Research & Papers

In2AI's training method beats GPT-5 with 8B parameter model

Delayed per-step reward attribution enables 8B model to outperform GPT-5 at NeurIPS.

Deep Dive

Training language model agents for multi-agent strategic interaction is notoriously difficult because the quality of any action depends on future events, illegal moves, or other agents' decisions. Standard reinforcement learning assumes per-step rewards, but that breaks down when outcomes are entangled across time and agents. Researchers from In2AI (Aliaksei Korshuk, Alexander Buyantuev, Ilya Makarov) solved this with a novel method: delayed per-step reward attribution with eligibility gating. They compute rewards only at episode end, propagate them back to originating steps using task-specific semantics, and exclude invalid steps from training.

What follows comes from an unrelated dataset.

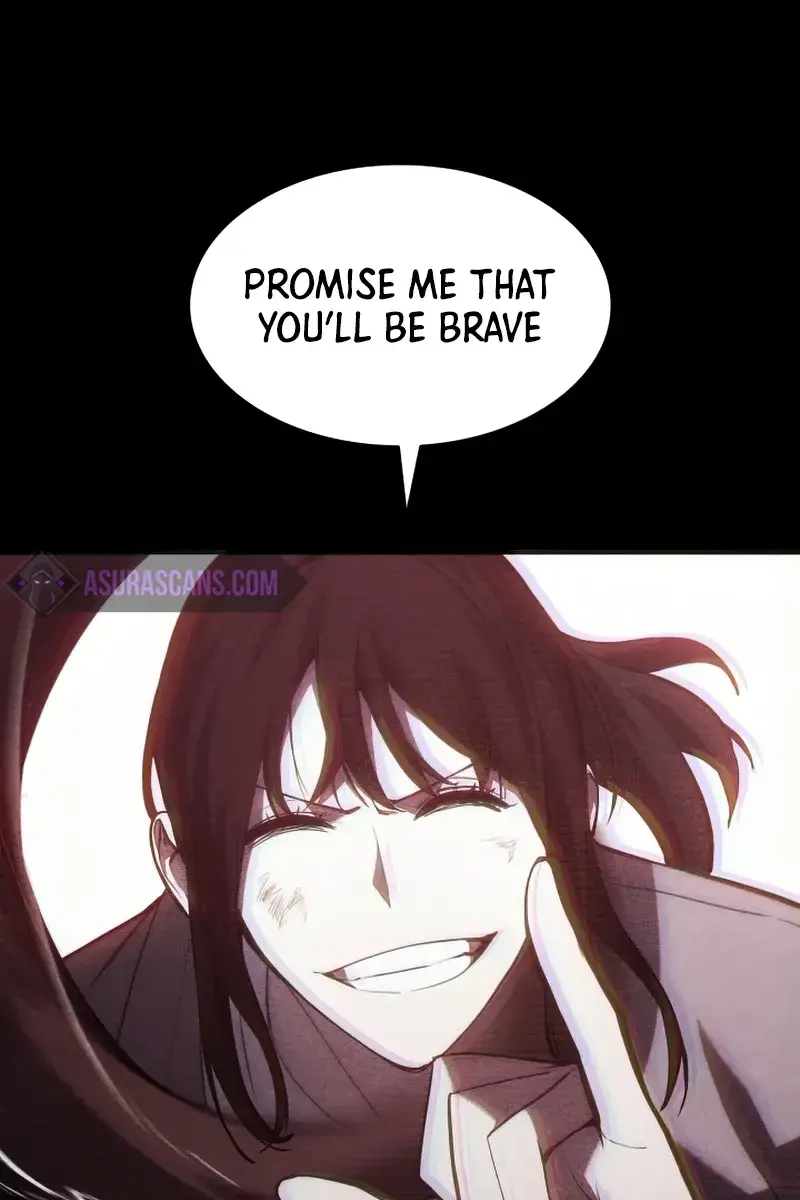 Return of Disaster Class Hero Chapter 42 Page 105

Combined with asynchronous rollout generation via vLLM's continuous batching, curriculum-based opponent sampling, and multi-level stratified batch construction, the technique delivers stable, sample-efficient RL training in multi-agent environments. The team evaluated on MindGames Arena at NeurIPS 2025, where a single 8-billion-parameter open-source model matched or surpassed substantially larger proprietary systems, including GPT-5, in head-to-head play. It took first place in both the Open (unrestricted) and Efficient (≤8B parameters) tracks, proving that smarter algorithms can overcome size disadvantages.

Key Points
  • Method uses delayed per-step reward attribution with eligibility gating to handle entangled multi-agent outcomes.
  • An 8B open-source model outperformed GPT-5 and larger proprietary systems in head-to-head play.
  • Won first place in both the Open and Efficient tracks at NeurIPS 2025 MindGames Arena.

Why It Matters

Shows smaller open-source models can beat giants like GPT-5 with smarter training techniques.